Your problem to solve?
There is plenty of evidence that sleep deprivation is a social issue – one exacerbated by poverty, racism, lack of access to childcare and healthcare, gruelling low-wage jobs and corporate mandates at big tech companies to keep people awake and engaged with their screens as long as possible.
And yet most media about sleep places the blame on individuals for habits like bringing their phones to bed, watching television, not going to sleep at the same time every night or eating a meal too close to bedtime – which puts the burden on the individual to change their behaviours and strive for better habits, too.
Doing so is an expensive undertaking: according to a Frost & Sullivan research report commissioned by the mattress company Casper, the global sleep economy in 2019 was worth $432bn (£312bn), a figure encompassing everything from mattresses ($81bn) to pillows ($15bn) to tracking devices ($15bn) to “ambience optimisation” products such as white noise machines and smart lamps ($9bn). It’s expected to reach $585bn by 2024.
There’s a reason people are spending so much in pursuit of better sleep: in many cases, they’re finding that these products really help – at least in the short term. Online, you’ll find glowing reviews for humidifiers, cooling mattress pads and books of bedtime stories for grown-ups. With sleep in the zeitgeist, there are also opportunities to hear about other people’s products and routines, potentially encouraging aspirational sleep purchases. (“Could I look that well-rested if I invested in that same set of pillows?”)
What works for one person, though, doesn’t necessarily work for the next, Irons cautions.

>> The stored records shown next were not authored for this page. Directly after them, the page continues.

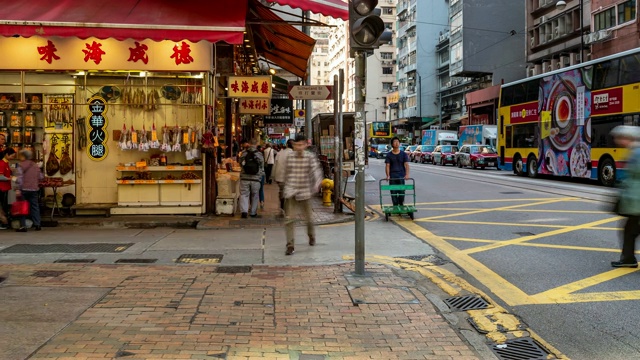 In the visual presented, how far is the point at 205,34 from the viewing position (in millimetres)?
9672

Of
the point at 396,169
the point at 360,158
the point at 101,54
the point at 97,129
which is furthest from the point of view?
the point at 396,169

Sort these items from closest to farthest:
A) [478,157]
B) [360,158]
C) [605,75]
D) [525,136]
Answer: [360,158]
[605,75]
[525,136]
[478,157]

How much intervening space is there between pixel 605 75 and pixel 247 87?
1319 centimetres

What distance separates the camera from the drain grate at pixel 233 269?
7465 millimetres

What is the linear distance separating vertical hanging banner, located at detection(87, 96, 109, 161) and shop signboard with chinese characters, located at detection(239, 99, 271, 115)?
597cm

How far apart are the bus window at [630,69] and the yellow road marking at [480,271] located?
11217mm

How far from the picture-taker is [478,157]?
35.6m

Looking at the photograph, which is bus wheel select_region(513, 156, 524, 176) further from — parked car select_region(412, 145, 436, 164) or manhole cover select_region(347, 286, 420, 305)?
manhole cover select_region(347, 286, 420, 305)

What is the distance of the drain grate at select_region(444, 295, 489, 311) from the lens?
19.8 ft

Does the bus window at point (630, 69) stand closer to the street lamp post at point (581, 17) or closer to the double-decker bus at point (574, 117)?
the double-decker bus at point (574, 117)

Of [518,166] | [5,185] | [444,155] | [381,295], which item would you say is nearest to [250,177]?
[5,185]

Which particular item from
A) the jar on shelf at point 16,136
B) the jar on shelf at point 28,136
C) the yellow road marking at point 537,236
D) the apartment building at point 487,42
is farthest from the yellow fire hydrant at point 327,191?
the apartment building at point 487,42

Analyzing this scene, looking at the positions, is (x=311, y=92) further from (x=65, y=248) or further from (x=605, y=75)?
(x=605, y=75)

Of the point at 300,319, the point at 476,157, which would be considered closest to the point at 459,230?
the point at 300,319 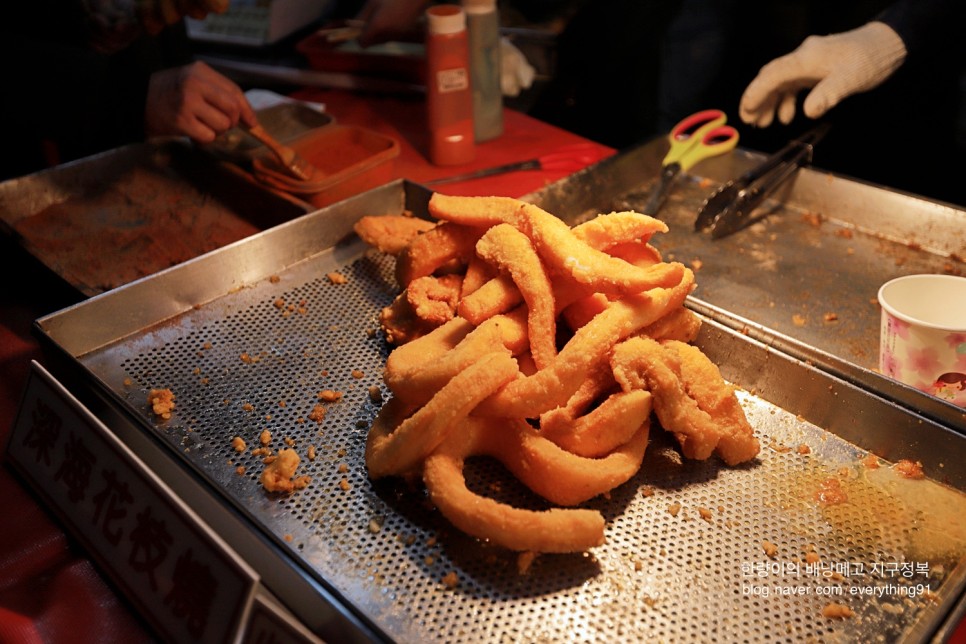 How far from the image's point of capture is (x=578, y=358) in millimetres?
1329

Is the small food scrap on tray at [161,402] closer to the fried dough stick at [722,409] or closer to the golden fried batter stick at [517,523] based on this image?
the golden fried batter stick at [517,523]

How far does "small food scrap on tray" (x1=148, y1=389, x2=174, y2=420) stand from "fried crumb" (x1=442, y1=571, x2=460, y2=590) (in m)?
0.74

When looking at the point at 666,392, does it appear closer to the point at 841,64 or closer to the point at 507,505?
the point at 507,505

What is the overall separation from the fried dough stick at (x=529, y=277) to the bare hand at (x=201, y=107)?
4.56 ft

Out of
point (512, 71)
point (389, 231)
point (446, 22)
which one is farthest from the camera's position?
point (512, 71)

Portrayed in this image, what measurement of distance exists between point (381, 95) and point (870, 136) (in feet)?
7.48

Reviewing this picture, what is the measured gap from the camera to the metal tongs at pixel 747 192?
227cm

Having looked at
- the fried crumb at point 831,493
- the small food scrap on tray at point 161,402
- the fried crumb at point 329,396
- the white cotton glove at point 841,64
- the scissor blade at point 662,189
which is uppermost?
the white cotton glove at point 841,64

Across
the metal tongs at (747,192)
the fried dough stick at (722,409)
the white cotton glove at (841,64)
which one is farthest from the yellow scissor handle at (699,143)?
the fried dough stick at (722,409)

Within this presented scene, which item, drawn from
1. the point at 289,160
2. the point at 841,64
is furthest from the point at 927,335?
the point at 289,160

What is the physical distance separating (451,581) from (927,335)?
3.49 ft

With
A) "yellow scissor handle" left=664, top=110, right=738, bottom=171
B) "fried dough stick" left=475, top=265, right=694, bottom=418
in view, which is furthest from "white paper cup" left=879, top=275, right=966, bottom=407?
"yellow scissor handle" left=664, top=110, right=738, bottom=171

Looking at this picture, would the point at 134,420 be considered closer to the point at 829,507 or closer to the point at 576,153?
the point at 829,507

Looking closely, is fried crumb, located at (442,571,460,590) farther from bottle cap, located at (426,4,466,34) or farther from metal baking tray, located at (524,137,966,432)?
bottle cap, located at (426,4,466,34) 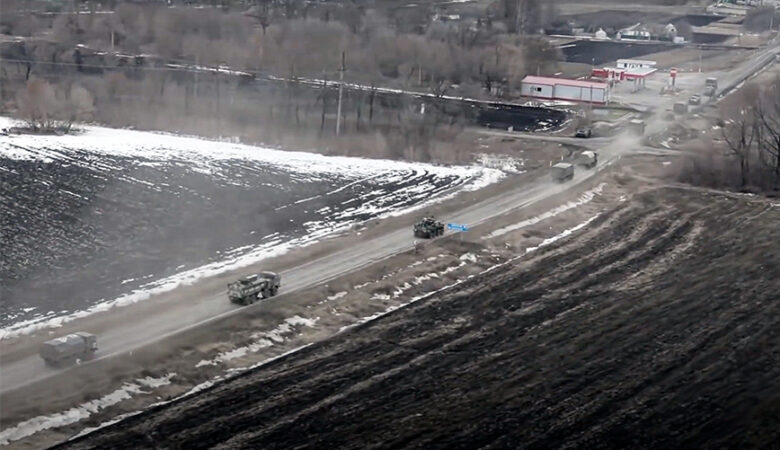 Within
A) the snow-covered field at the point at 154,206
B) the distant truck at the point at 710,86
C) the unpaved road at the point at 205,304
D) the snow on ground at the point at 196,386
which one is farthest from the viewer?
the distant truck at the point at 710,86

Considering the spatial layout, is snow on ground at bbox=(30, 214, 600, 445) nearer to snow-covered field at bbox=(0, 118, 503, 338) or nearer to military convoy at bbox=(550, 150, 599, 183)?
snow-covered field at bbox=(0, 118, 503, 338)

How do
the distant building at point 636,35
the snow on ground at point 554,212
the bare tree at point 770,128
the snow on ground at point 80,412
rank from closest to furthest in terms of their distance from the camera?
1. the snow on ground at point 80,412
2. the snow on ground at point 554,212
3. the bare tree at point 770,128
4. the distant building at point 636,35

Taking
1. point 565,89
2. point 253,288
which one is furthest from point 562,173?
point 565,89

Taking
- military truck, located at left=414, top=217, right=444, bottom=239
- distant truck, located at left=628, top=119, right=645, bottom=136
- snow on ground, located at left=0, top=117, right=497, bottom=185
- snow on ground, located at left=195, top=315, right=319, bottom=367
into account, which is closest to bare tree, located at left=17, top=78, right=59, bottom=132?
snow on ground, located at left=0, top=117, right=497, bottom=185

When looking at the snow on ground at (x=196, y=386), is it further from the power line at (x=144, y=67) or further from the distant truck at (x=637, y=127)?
the power line at (x=144, y=67)

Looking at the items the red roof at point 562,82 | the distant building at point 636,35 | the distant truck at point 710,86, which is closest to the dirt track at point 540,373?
the red roof at point 562,82

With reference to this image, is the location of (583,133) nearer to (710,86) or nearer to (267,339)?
(710,86) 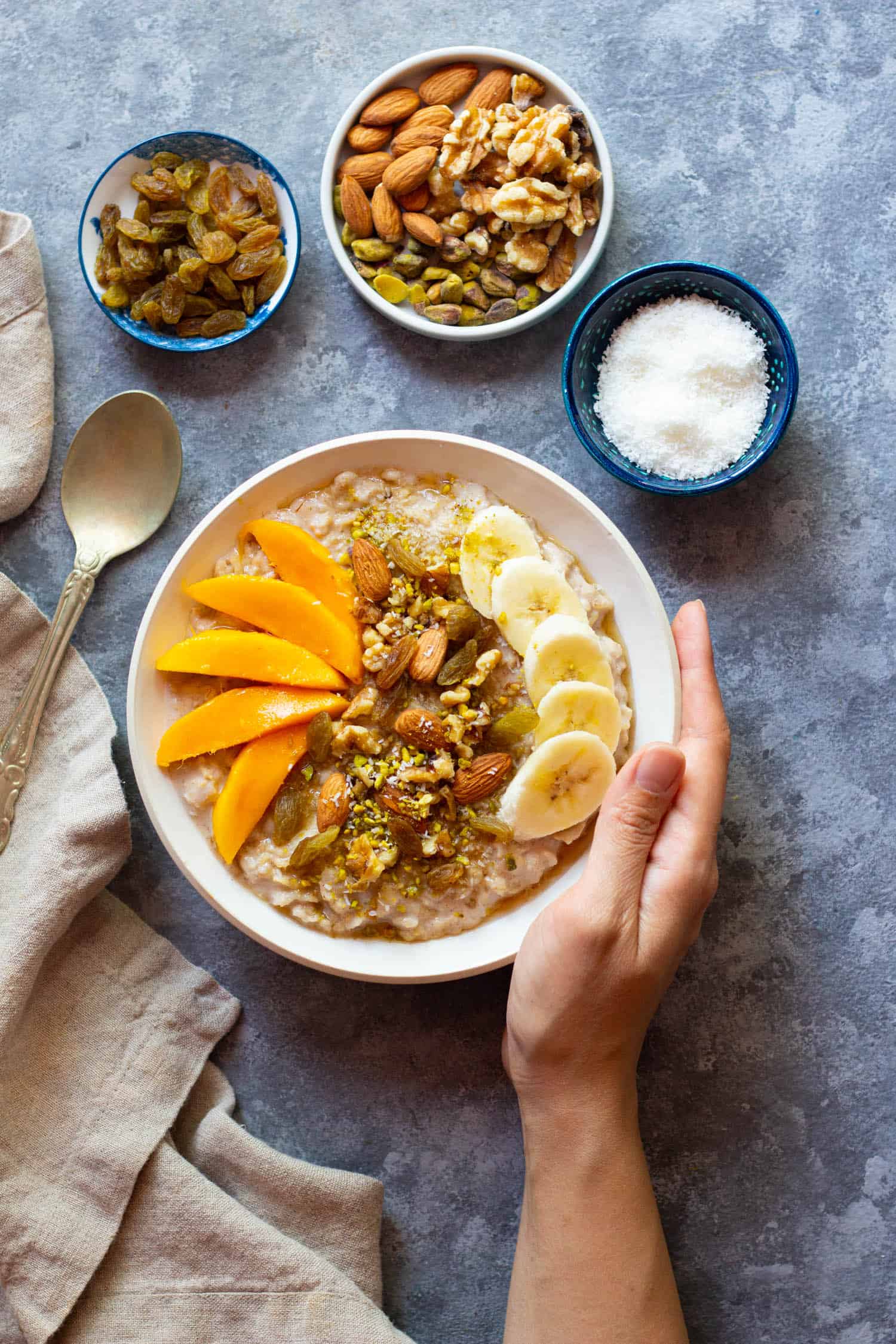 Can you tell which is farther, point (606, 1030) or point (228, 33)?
point (228, 33)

Plus, she says, treating the symptoms – in this case, poor sleep – doesn’t necessarily address the underlying cause, which could be related to diet or mental health.

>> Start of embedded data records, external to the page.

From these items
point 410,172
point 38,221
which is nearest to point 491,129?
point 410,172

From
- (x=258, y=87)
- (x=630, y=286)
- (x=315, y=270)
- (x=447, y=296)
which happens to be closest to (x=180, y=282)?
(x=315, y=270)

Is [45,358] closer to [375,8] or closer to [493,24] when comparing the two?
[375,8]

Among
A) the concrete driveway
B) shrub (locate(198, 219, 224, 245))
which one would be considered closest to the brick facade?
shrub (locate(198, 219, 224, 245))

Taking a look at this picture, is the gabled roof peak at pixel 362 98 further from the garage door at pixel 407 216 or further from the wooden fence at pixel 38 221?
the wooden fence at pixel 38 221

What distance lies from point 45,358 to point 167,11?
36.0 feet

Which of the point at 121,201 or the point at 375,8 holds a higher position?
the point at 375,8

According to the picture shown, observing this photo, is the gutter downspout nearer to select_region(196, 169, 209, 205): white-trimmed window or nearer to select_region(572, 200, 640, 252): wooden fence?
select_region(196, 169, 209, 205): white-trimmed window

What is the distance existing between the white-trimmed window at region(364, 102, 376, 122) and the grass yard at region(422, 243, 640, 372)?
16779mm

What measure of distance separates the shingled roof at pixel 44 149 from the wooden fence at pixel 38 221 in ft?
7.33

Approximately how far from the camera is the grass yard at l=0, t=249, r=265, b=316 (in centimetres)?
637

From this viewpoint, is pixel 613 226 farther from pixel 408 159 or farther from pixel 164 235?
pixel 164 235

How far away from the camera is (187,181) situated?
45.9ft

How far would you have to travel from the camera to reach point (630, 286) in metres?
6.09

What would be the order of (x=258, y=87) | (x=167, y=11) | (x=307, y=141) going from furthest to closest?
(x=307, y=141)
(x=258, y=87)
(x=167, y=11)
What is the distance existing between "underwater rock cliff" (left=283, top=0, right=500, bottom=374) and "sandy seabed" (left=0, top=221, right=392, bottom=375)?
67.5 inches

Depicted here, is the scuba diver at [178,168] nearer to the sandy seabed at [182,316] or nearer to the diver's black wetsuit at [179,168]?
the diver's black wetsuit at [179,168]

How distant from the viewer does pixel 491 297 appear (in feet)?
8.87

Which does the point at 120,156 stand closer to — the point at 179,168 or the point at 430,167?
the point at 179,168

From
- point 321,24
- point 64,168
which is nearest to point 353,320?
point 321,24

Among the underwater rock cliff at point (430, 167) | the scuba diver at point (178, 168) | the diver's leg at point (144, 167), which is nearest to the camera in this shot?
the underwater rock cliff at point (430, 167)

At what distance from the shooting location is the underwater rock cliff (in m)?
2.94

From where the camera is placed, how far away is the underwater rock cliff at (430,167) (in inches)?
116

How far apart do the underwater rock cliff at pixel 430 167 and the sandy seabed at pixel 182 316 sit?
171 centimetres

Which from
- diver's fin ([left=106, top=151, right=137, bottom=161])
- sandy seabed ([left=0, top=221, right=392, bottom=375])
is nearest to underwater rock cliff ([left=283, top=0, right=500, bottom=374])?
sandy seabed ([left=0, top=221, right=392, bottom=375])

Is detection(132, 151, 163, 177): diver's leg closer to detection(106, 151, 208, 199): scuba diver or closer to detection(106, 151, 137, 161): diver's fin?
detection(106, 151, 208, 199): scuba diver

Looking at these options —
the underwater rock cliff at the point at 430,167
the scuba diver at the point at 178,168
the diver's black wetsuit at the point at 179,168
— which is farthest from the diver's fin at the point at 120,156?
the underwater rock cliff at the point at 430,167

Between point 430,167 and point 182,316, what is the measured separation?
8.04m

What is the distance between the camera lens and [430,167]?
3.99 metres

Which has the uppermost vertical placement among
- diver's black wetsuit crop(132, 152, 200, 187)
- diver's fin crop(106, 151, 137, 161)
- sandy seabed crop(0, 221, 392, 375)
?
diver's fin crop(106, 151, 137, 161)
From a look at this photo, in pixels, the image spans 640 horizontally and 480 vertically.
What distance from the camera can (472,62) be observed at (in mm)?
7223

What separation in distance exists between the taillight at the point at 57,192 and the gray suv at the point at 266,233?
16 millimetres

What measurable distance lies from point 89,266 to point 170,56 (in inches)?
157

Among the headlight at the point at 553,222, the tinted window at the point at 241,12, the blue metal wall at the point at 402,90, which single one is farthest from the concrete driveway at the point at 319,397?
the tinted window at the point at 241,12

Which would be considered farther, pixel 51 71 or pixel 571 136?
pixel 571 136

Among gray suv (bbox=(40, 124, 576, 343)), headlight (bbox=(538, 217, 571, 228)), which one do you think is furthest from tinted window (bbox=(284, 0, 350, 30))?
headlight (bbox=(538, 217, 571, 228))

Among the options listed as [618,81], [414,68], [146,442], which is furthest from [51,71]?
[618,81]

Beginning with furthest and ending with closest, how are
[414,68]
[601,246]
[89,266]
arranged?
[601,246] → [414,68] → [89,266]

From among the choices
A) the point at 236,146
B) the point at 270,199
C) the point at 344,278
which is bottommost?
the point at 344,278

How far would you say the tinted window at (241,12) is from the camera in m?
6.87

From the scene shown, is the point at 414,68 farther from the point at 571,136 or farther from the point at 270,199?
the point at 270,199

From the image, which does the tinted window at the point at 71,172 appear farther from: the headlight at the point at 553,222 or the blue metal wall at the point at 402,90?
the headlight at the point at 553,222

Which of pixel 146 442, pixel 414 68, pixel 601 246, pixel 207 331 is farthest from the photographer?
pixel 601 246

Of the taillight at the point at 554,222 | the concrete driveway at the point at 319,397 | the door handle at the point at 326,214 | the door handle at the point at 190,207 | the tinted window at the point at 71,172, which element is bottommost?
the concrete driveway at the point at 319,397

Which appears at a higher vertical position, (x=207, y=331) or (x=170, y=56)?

And some are sceptical that we really need all this stuff at all. “Humans have slept perfectly well for the last million years without any robots or lotions and potions,” says Neil Stanley, a UK-based independent sleep expert, and author of How to Sleep Well: The Science of Sleeping Smarter, Living Better and Being Productive. “So, it seems to be mind-boggling that we now need this industry to do something which is the most natural thing that we can do.”
However, the same could be said about nutrition or exercise – and as Mike Grillo, CEO and co-founder of the sleep-centric company Gravity Products points out, that hasn’t slowed down the consumer fervour around the latter industry. “People don’t necessarily balk at spending $1,100 on a stationary bike in their house, or going to $40 fitness classes,” he says. “And I think you’re now starting to see that same type of tolerance come to the sleep economy as well.” (Among other products, Gravity’s signature weighted blanket, which it launched on Kickstarter in 2017, retails for $189 [£135].)
However, as Stanley sees it, our cultural obsession with sleep – which includes the quest to buy ourselves a better night’s rest – is making the issue more complicated than it needs to be. “You need three things for sleep,” he says. “You need a bedroom conducive to sleep – dark, quiet, cool, comfortable – you need a relaxed body and you need a quiet mind. That’s it… These are things people can do as of tonight, and it doesn’t cost a single penny to do any of them.”
Still, even with this in mind, perhaps it doesn’t quite matter that the path to a good night’s sleep could be more natural than we’re making it. With so many people tossing and turning every night – and with the activities that’ll enable us to regularise our schedules still off the table – it’s hard to argue against anything that helps even one person find a little bit of rest.